Segment Open

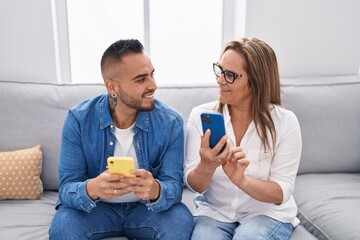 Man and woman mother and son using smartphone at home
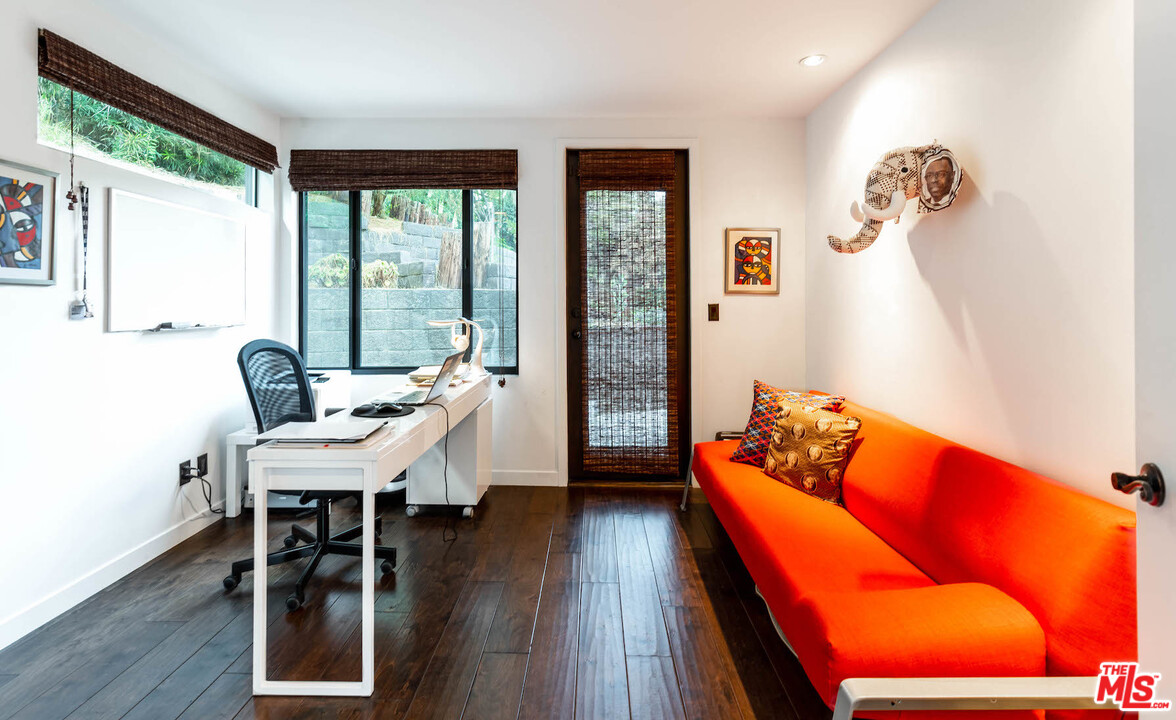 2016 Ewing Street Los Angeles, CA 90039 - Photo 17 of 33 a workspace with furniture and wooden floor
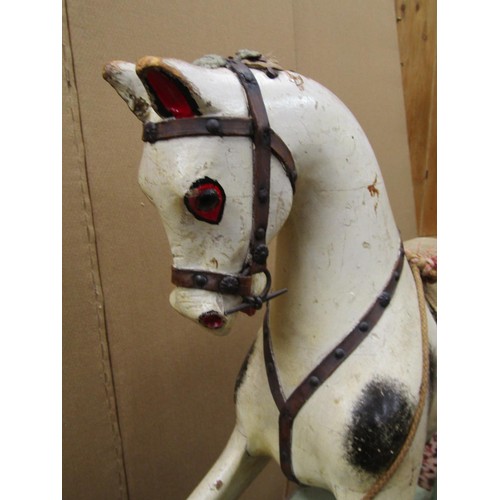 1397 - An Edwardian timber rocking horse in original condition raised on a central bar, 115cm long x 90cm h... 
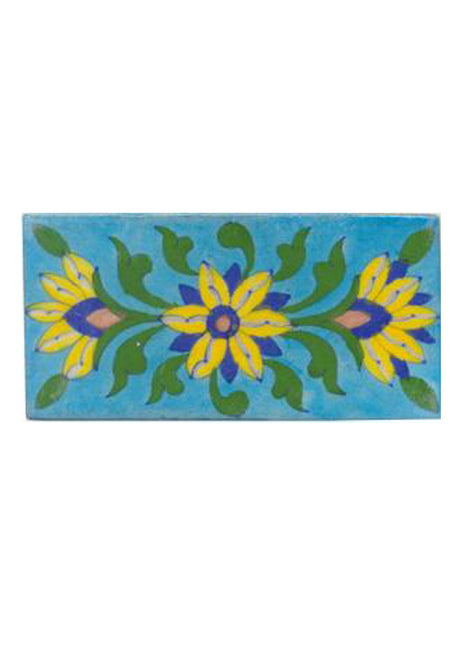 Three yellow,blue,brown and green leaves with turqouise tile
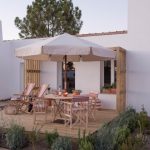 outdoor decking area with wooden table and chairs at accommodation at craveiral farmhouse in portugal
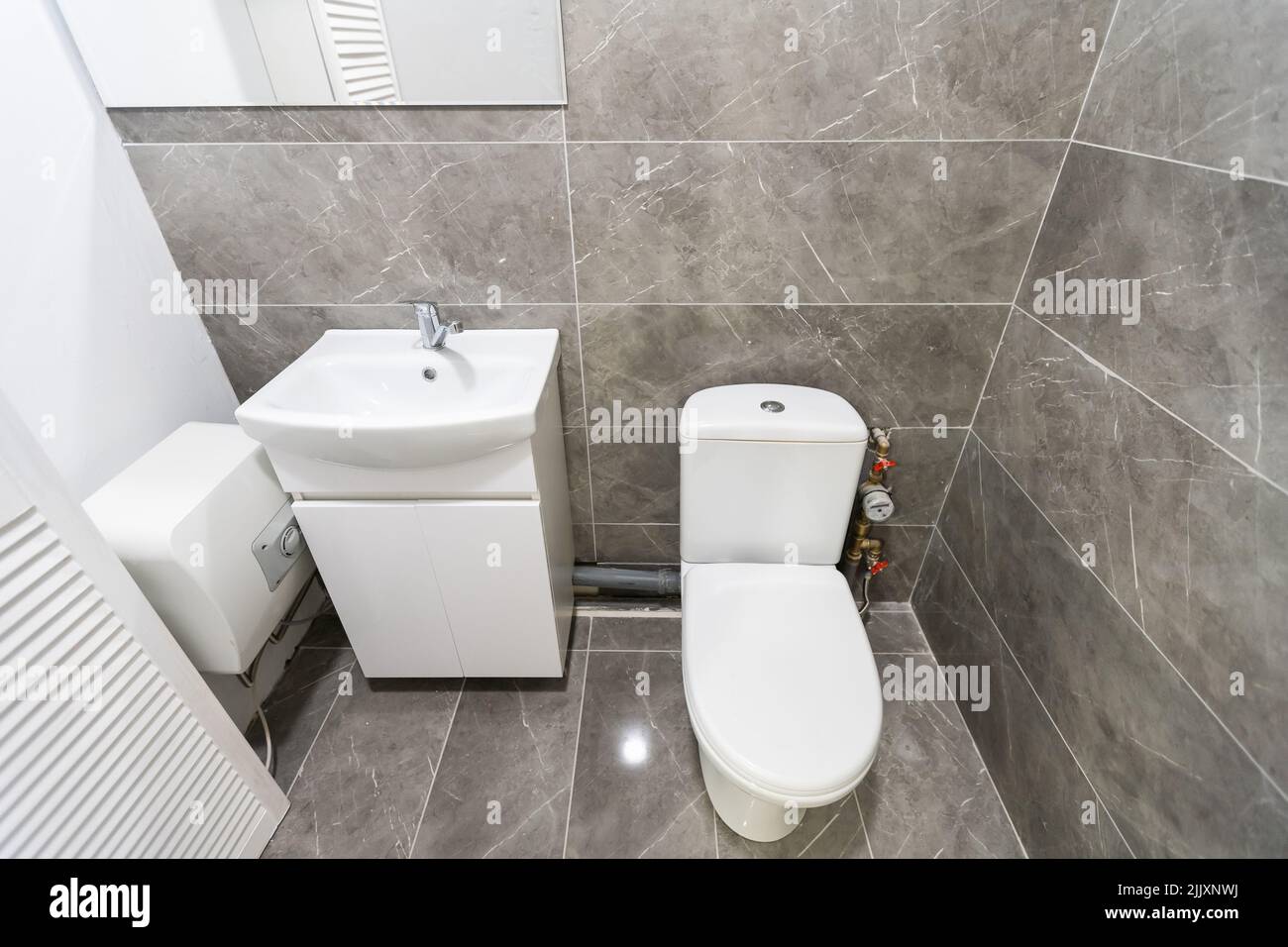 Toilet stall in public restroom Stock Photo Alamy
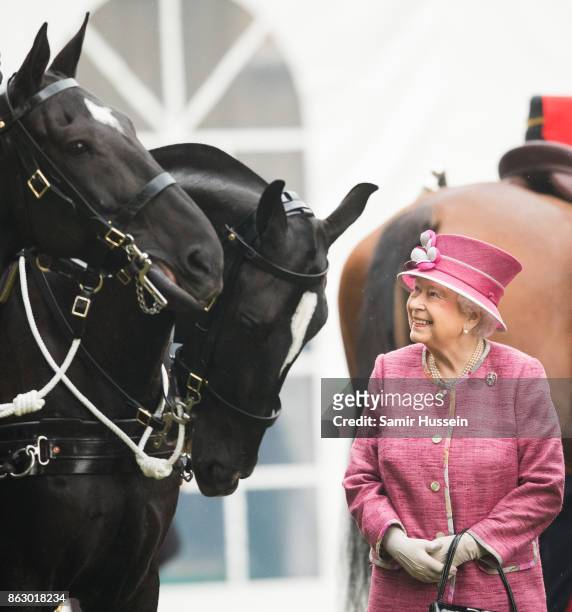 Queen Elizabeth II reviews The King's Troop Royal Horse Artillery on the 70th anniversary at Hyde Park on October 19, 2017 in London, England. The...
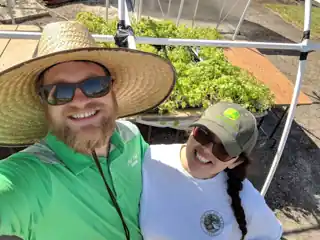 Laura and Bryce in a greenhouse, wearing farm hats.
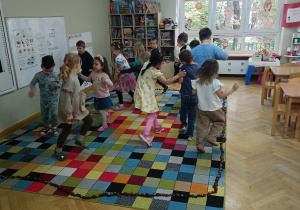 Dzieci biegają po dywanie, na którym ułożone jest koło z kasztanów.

Segment Closed

### WHAT THIS TASK INVOLVES
Pictures in the records above are to be left out of an otherwise exact copy.

### TASK RESPONSE
 Man and woman mother and son using smartphone at home
 2016 Ewing Street Los Angeles, CA 90039 - Photo 17 of 33 a workspace with furniture and wooden floor
 1397 - An Edwardian timber rocking horse in original condition raised on a central bar, 115cm long x 90cm h... 
 Three yellow,blue,brown and green leaves with turqouise tile
 outdoor decking area with wooden table and chairs at accommodation at craveiral farmhouse in portugal
 Toilet stall in public restroom Stock Photo Alamy
 Queen Elizabeth II reviews The King's Troop Royal Horse Artillery on the 70th anniversary at Hyde Park on October 19, 2017 in London, England. The...
 Laura and Bryce in a greenhouse, wearing farm hats.
 Dzieci biegają po dywanie, na którym ułożone jest koło z kasztanów.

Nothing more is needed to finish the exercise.